=== Supplied material ===
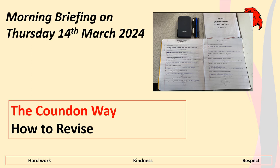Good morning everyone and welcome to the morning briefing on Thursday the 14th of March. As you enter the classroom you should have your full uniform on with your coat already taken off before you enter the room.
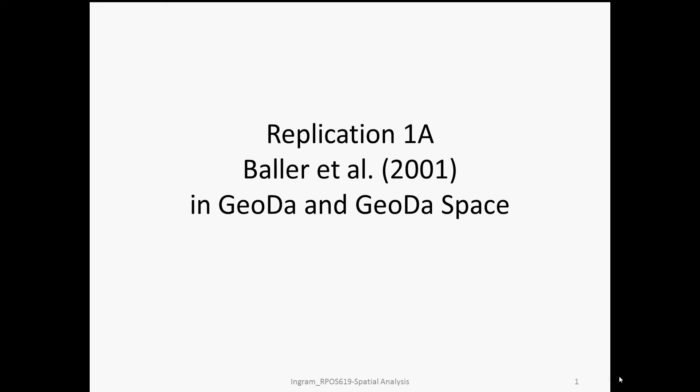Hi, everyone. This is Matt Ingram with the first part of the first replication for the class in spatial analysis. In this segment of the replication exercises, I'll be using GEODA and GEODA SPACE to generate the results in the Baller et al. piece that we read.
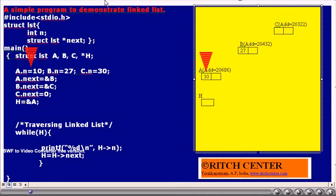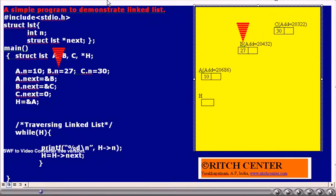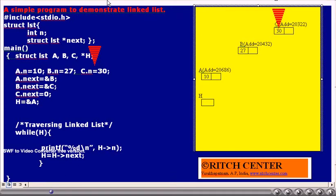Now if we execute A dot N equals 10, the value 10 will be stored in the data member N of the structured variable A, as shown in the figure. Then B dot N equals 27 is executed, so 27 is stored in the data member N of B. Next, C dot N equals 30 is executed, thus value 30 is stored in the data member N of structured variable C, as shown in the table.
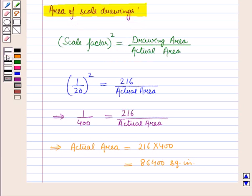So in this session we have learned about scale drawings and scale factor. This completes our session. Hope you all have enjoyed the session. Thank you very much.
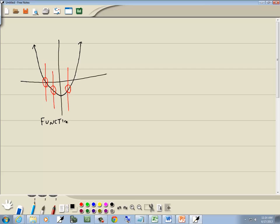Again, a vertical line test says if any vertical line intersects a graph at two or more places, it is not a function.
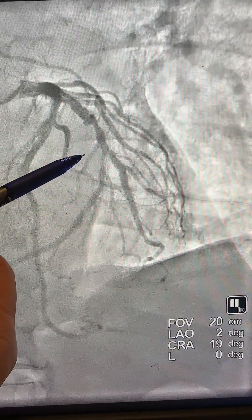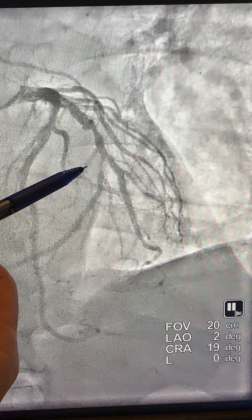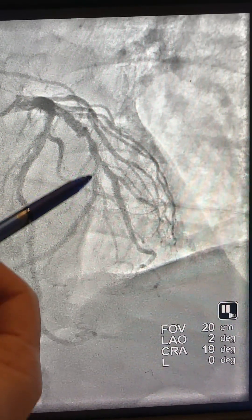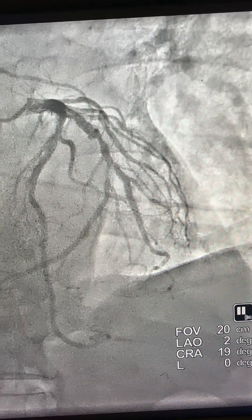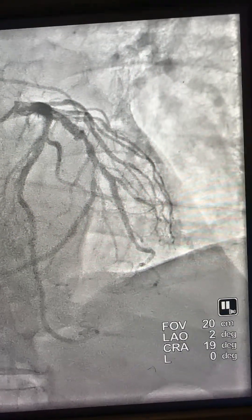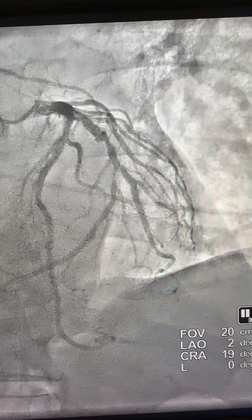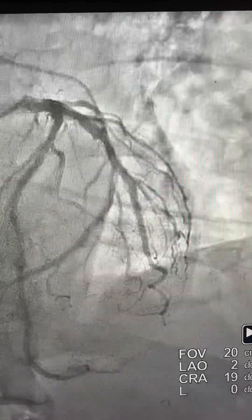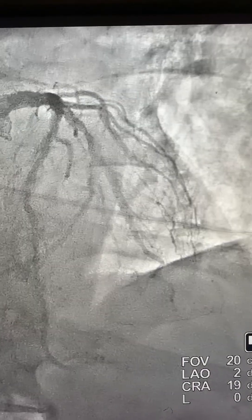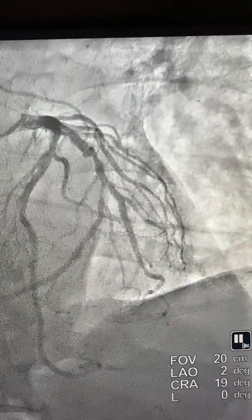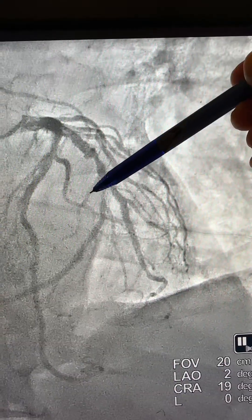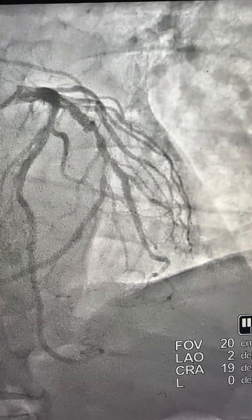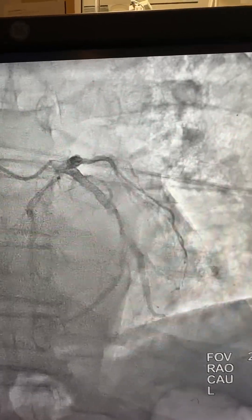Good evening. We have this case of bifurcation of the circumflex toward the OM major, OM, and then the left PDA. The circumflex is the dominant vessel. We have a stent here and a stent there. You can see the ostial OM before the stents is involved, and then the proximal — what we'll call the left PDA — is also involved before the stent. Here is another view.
===
=== Supplied material ===
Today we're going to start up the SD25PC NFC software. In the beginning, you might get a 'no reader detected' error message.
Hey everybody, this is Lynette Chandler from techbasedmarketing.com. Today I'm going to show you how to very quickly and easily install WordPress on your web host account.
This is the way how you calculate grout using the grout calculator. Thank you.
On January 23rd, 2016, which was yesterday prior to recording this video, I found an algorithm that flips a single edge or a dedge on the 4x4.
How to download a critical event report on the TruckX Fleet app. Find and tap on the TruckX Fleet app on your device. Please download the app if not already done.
===
=== Supplied material ===
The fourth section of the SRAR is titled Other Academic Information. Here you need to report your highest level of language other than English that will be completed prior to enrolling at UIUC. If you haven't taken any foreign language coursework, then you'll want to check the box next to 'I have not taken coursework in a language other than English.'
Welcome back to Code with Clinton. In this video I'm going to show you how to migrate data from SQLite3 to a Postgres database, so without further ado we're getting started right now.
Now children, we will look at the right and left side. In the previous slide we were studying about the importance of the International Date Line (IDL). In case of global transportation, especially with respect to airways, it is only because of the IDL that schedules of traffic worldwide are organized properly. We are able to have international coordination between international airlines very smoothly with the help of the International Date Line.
===
Within the data above, repeat exactly the lines from the one bearing "Good morning everyone" through the one bearing "Again, a vertical". Include no pictures and nothing else.

Good morning everyone and welcome to the morning briefing on Thursday the 14th of March. As you enter the classroom you should have your full uniform on with your coat already taken off before you enter the room.
Hi, everyone. This is Matt Ingram with the first part of the first replication for the class in spatial analysis. In this segment of the replication exercises, I'll be using GEODA and GEODA SPACE to generate the results in the Baller et al. piece that we read.
Now if we execute A dot N equals 10, the value 10 will be stored in the data member N of the structured variable A, as shown in the figure. Then B dot N equals 27 is executed, so 27 is stored in the data member N of B. Next, C dot N equals 30 is executed, thus value 30 is stored in the data member N of structured variable C, as shown in the table.
So in this session we have learned about scale drawings and scale factor. This completes our session. Hope you all have enjoyed the session. Thank you very much.
Again, a vertical line test says if any vertical line intersects a graph at two or more places, it is not a function.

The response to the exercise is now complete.